En japonés el equivalente a nuestro “bienvenido” sería el término okaerinasaï. Es la palabra que, por ejemplo, saluda a los viajeros que llegan al aeropuerto de Narita. Esta expresión da pie a Mizubayashi para iniciar su crítica a la sociedad nipona, uno de los ejes centrales de este pequeño ensayo.

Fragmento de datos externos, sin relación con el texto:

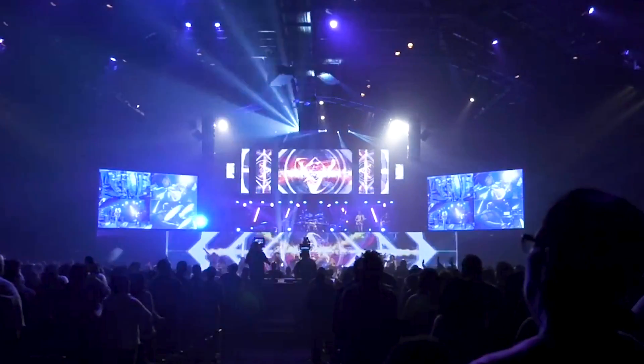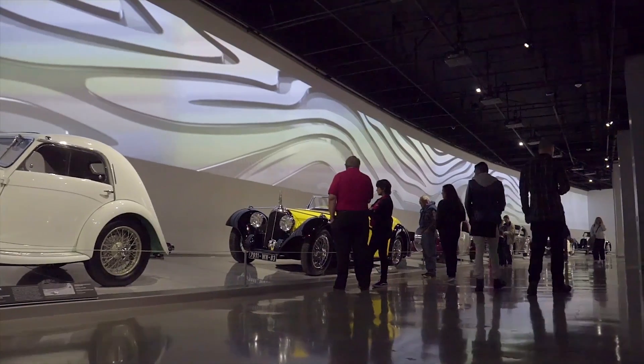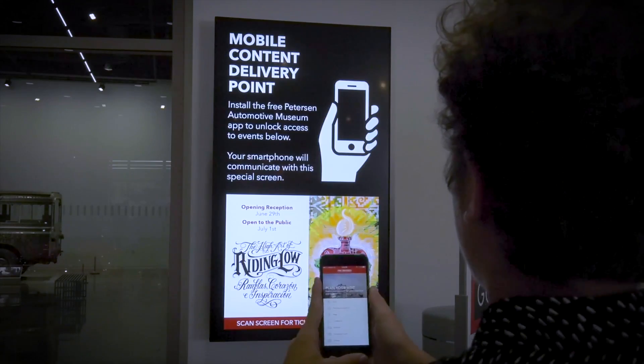Some of the case studies where we have some really unique experiences in play: Redemption Church comes to mind, and the Peterson Automotive Museum also comes to mind — where all these technologies really come together: our projection, our RZ series, our mapping and blending of images, our interactive flat panels, and also LinkBreak.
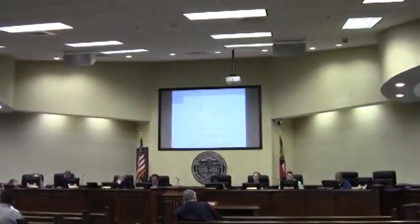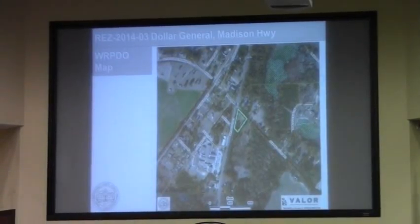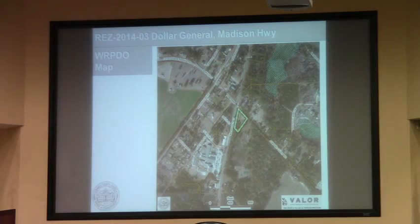REZ 2014-03, Dollar General, Wilson Highway and Jumping Gully Road — went from R10 to CG. Mr. Davenport: This one is a request to turn three residential lots into one lot for the commercial development of Dollar General.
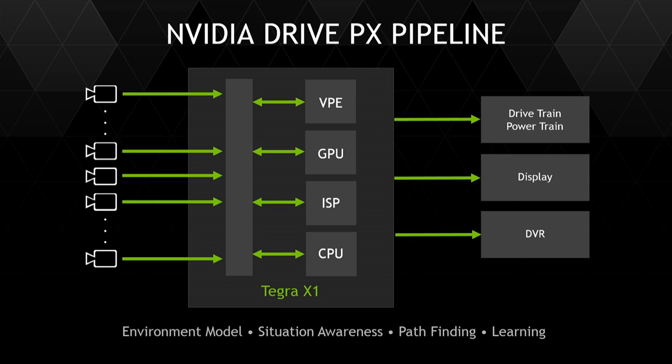Inside the Drive PX, all of that pixel data comes into a crossbar, which is then fed to four powerful processors. The VPE and ISP first, which is responsible for the 1.3 gigapixels of data, have the ability to do white balancing, color correction, gamma correction, and all kinds of image processing functionality. You can record all of this information into the data recorder inside the car — recording dual 4K at 30 hertz.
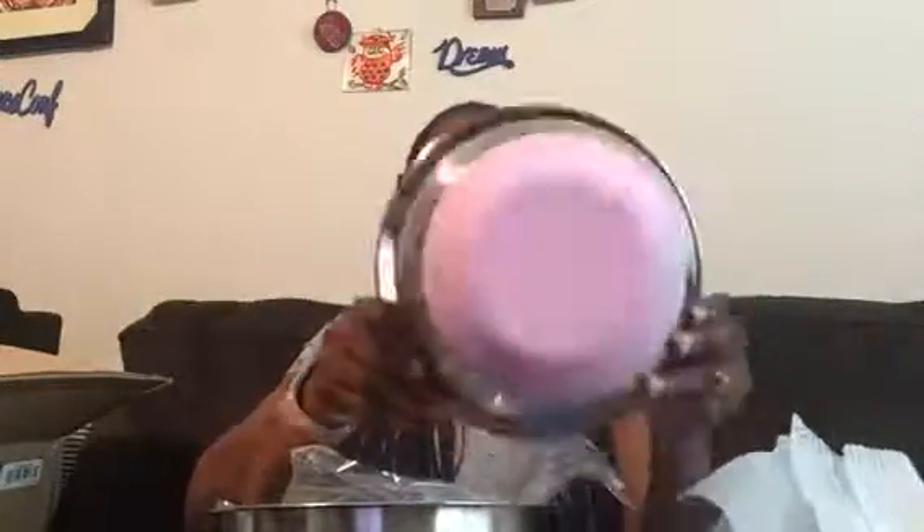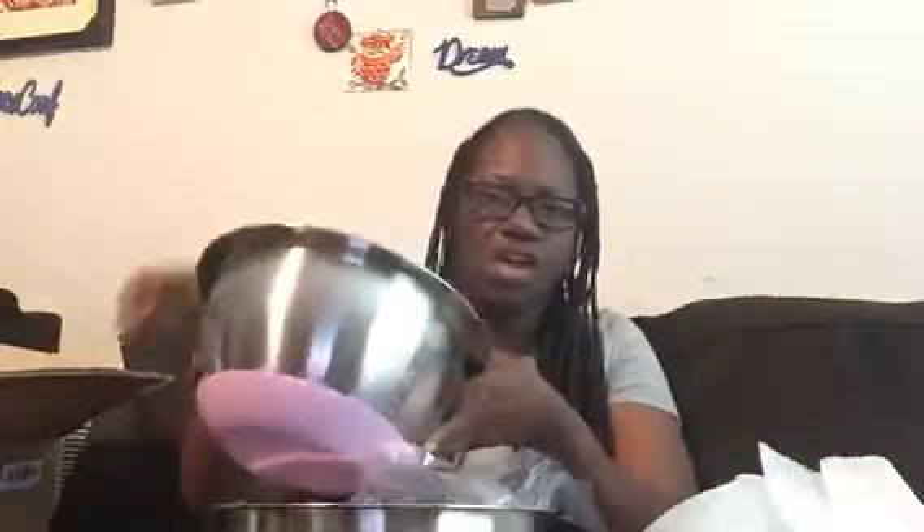It has a pink rubber bottom on it. Then the next size is this one, and this size is where it actually has little measurements on it — the small one doesn't have measurements. Then this is the next size, and it has the bottom, and it's like stainless steel. It's more shiny on the inside, and it has that pink on the bottom.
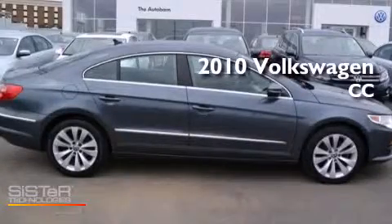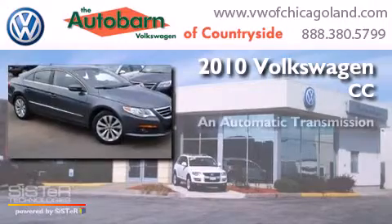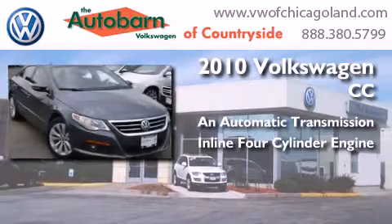This is a 2010 Volkswagen CC. This four-door sedan has an automatic transmission and an inline four-cylinder engine.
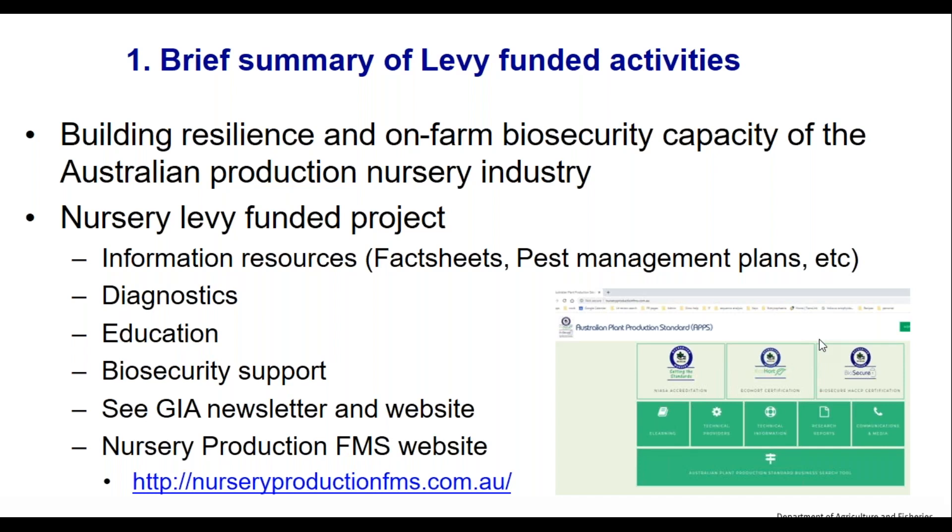It is a great resource. Other countries don't have the level of resources that Australia has — we have one of the best production nursery industry resources in the world. The search function works well. If you're interested in water disinfestation or aphids, type it in and it will pull resources from lots of different pages.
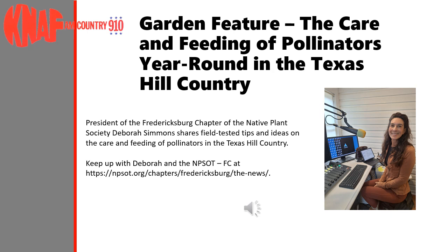Welcome to Garden Features, a special feature of KNAF AM 910's News Division. We'll be exploring tips and ideas on gardening in the hill country.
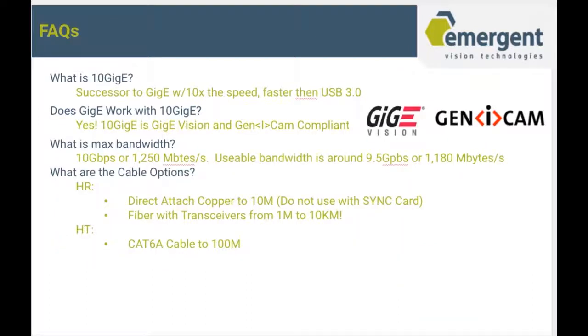Some frequently asked questions: What is 10GigE? As we discussed, it's the successor to GigE with 10 times the speed, and also faster than USB 3. Does GigE Vision work with 10GigE? Yes, we are GigE Vision and GenICam compliant. Maximum bandwidth is 10 Gbps and usable bandwidth is around 9.5 Gbps. What are the cable options? For HR, you have direct-attached to 10 meters, fiber with transceivers from 1 meter to 10 kilometers, or CAT 6A cable up to 100 meters for our HT series.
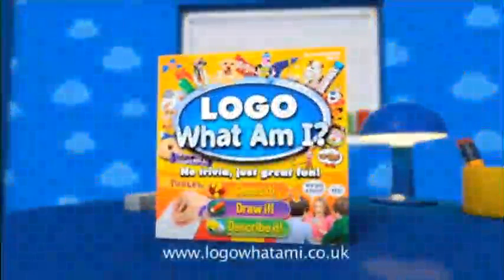Logo, what am I? Draw it! It's a tower! No it's not! It's Penguin Biscuit! Logo, what am I? No trivia, just great fun!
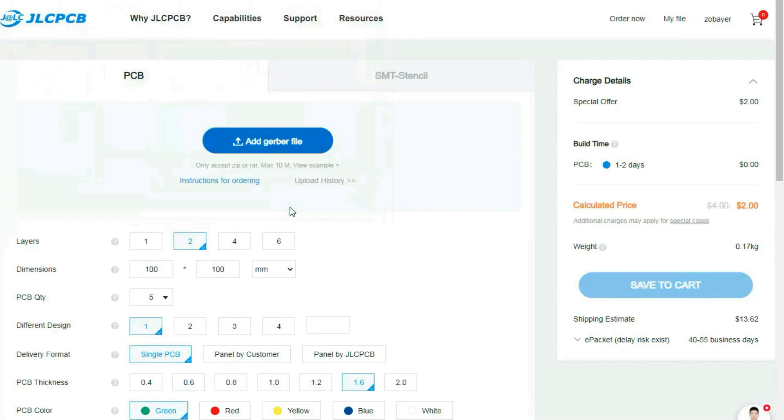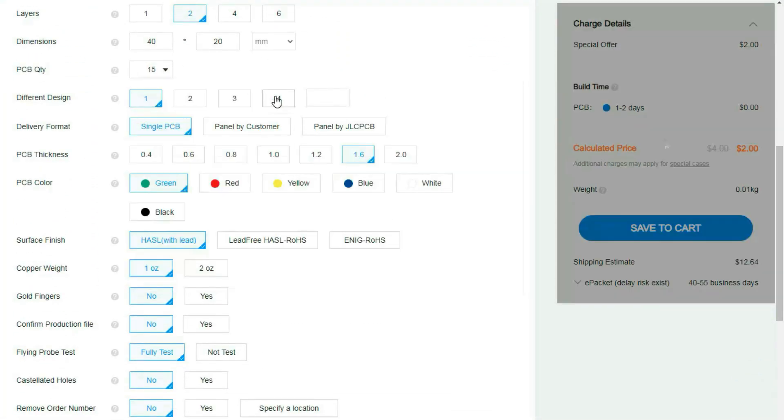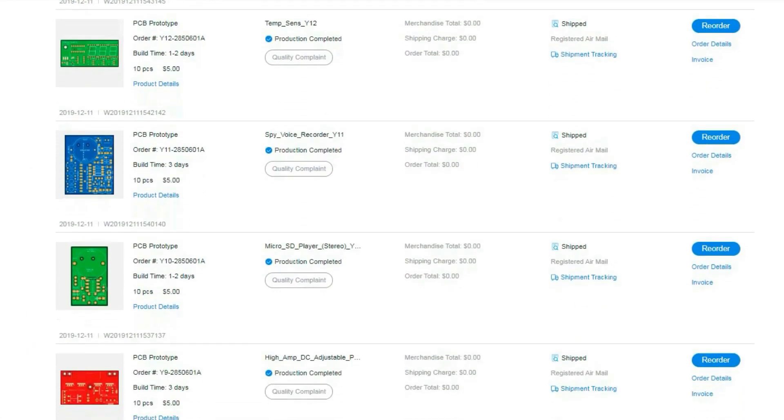It's really easy to order here. First, upload your Gerber file and then select options like quantities, thickness, colours, etc. Then choose the shipping method and make the payment — that's all. If you'd like to buy, just click the link below.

Okaerinasaï no es simplemente una expresión de calurosa acogida, esconde algo más: un sentimiento de pertenencia, de vuelta al hogar después de un viaje arriesgado al exterior. Quien la pronuncia no transmite alegría por un reencuentro, sino “un sentimiento de alivio” por el regreso de un miembro perteneciente a lo que el autor considera una comunidad nacional “de esencia étnica en la medida en que está caracterizada por la permanencia y la pureza imaginaria de la sangre”. Los extranjeros, por muy bien que aprendan el idioma y asimilen las costumbres, siempre serán forasteros en Japón, donde no existe la doble nacionalidad: “no se puede estar al mismo tiempo dentro y fuera”.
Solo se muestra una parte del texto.